Dallo spazio metafisico, entro cui dimora la triade fondamentale o principiale, si scende allo spazio intermedio, proiezione della triade precedente, spazio che rappresenta il piano sottile universale, Hiraṇyagarbha o Uovo cosmico, uovo che, aprendosi, manifesta lo spazio fisico (Virāṭ) in cui si svolgono tutti i fenomeni elettrici. La scienza attualmente è interessata a questo tipo di spazio, misurabile nella sua estensione, triade esclusivamente fisico-grossolana costituita dal protone, neutrone ed elettrone, nelle sue indefinite trasformazioni, interrelazioni e potenzialità. È comunque degno di nota che l'uomo, allo stadio attuale del suo sviluppo, si sia accorto dell'archetipo triadico primario nello spazio fisico o della "massa".
Ma, come abbiamo potuto notare, questa triade materiale di Virāṭ è il riflesso di un riflesso della prima triade. Nella nostra epoca dovremo riconoscere che si é andati al di là da questa triade grossolana, però non tanto da scoprire quella intermedia, che costituisce poi la "psiche universale", e che è di un altro ordine e di un'altra dimensione.
Noi, come esseri empirici, siamo costretti a fermarci a questo tipo di triade fisica, ombra dell'ombra del Reale, perchè per andare oltre occorrerebbe cambiare metodologia e direzione d'indagine.
Diciamo triade atomica perché vogliamo mettere in evidenza solo i tre aspetti essenziali e fondamentali dell'atomo, quale mattone primo dell'edificio o tessuto materiale, senza proporre la "Teoria dei campi".
A questo punto potremmo chiederci: che cosa tiene uniti i tre fattori della triade e le stesse triadi fra loro? Quando, per esempio, l'idrogeno e l'ossigeno si uniscono formando il composto acqua, cos'è che lega queste triadi atomiche fra loro?
La scienza ha scoperto che l'interrelazione fra le varie triadi avviene per certe forze che, secondo il loro livello esplicativo, sono chiamate forze gravitazionali, forze deboli, forze nucleari o forti e forze elettromagnetiche. Quella nucleare, la più potente, agisce all'interno del nucleo atomico legando protoni e neutroni. Pare che i mesoni abbiano una parte rilevante in questo giuoco ma la forza elettromagnetica, cento volte più debole, assicura la coesione dell'atomo legando il complesso elettronico al nucleo. La forza debole agisce nella disintegrazione delle particelle ed è responsabile dei fenomeni radioattivi. La forza gravitazionale, la più debole, può essere trascurata a livello atomico ma diviene più importante col crescere della massa e assicura la coesione del nostro sistema solare.

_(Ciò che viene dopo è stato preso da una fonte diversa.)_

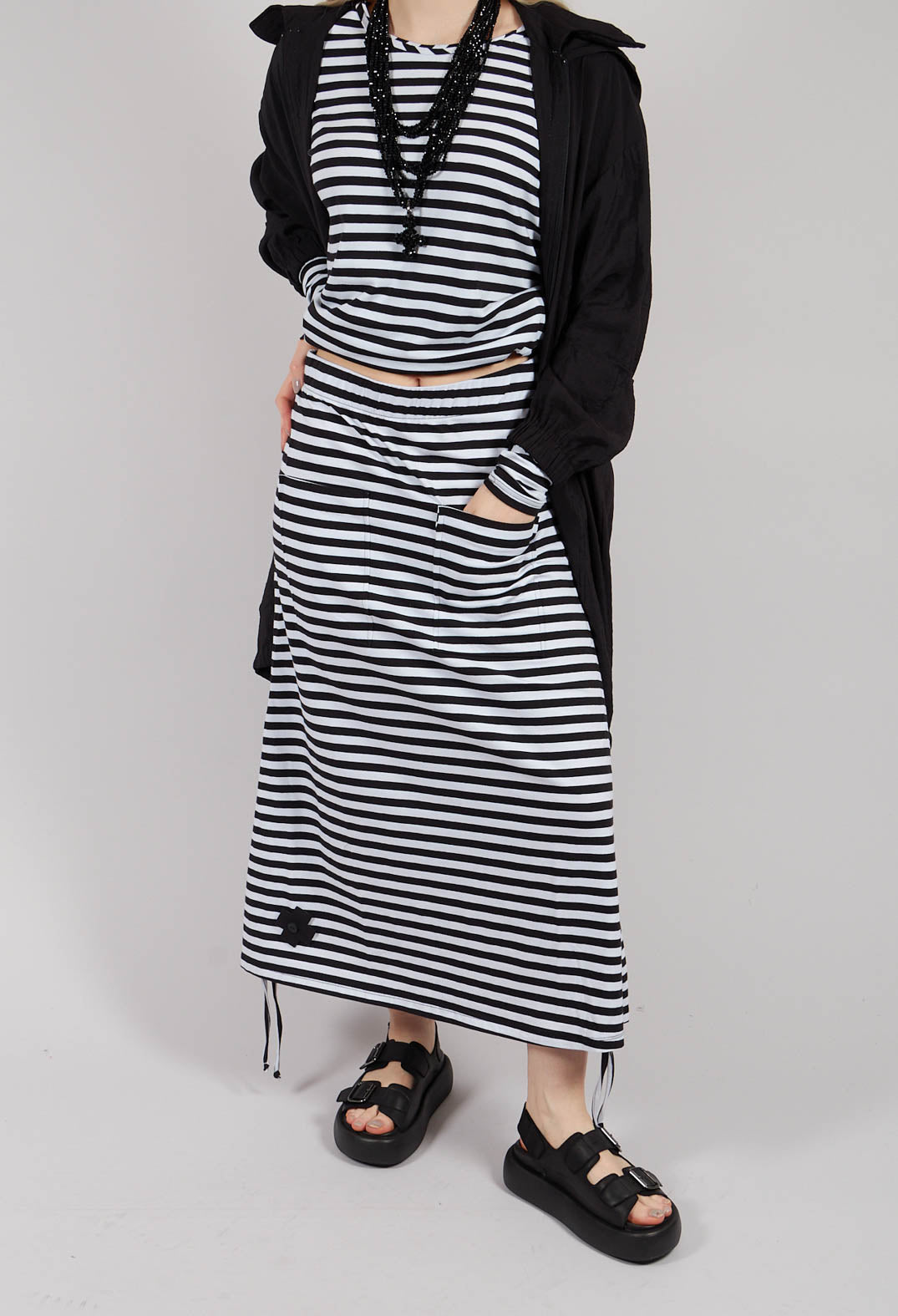 Three Pen Skirt in Black and White Stripe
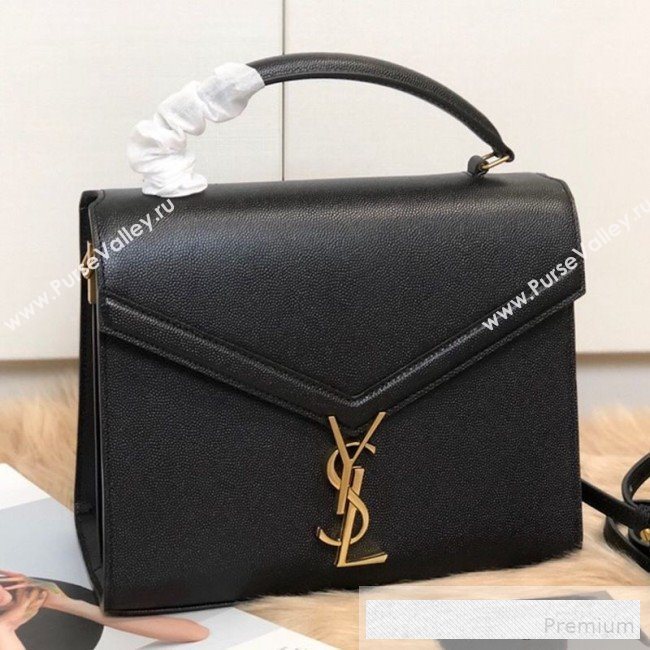 Saint Laurent Cassandra Top Handle Medium Bag in Grained Calfskin Leather 578000 Black 2019 (KTSD-9062444)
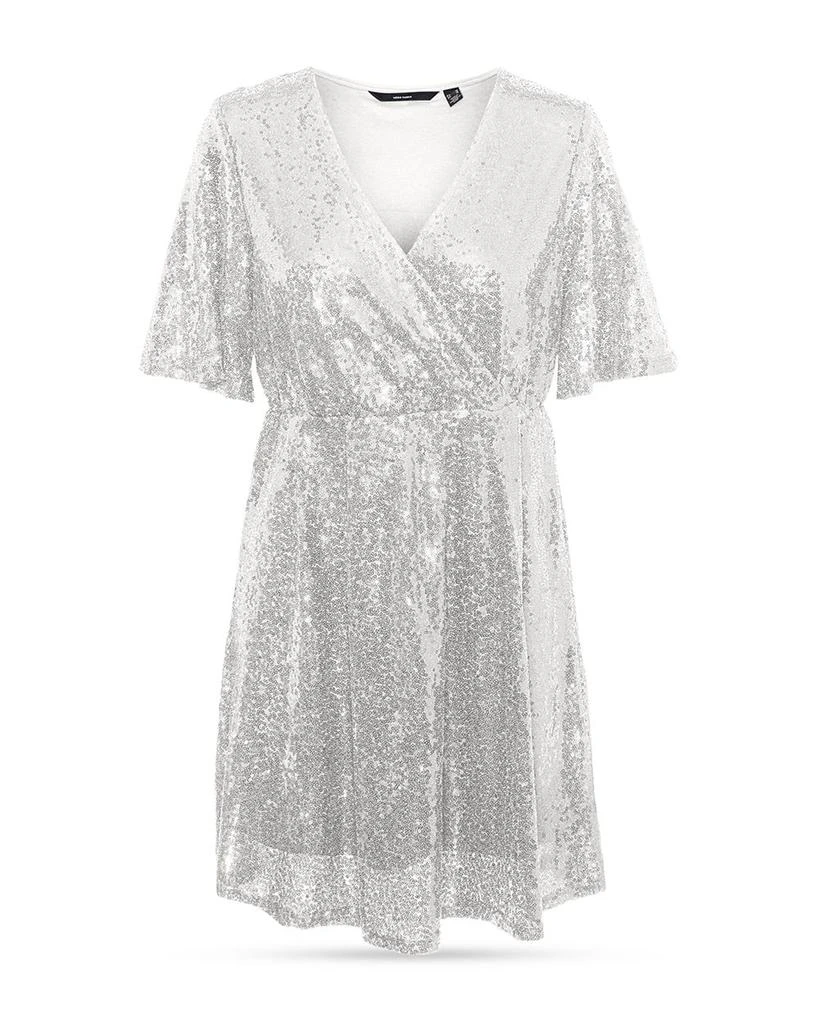 商品VERO MODA|Kaje Sequin Faux Wrap Mini Dress,价格¥390,第1张图片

Si può notare come, con modalità diverse, opera la stessa legge, quella cioè dell'attrazione e della repulsione. Il sole attrae ma anche respinge i pianeti tenendoli a debita distanza. Già Empedocle si poneva questo problema. Nascita e morte, secondo l'Agrigentino, non sono altro che mescolanza e separazione dei quattro elementi fondamentali (ovviamente, non sono quelli del fisico denso). Ma chi spinge gli elementi a unirsi e separarsi reciprocamente? Empedocle risponde: l'Amore e l'Odio concepiti come forze cosmiche, non come qualità morali.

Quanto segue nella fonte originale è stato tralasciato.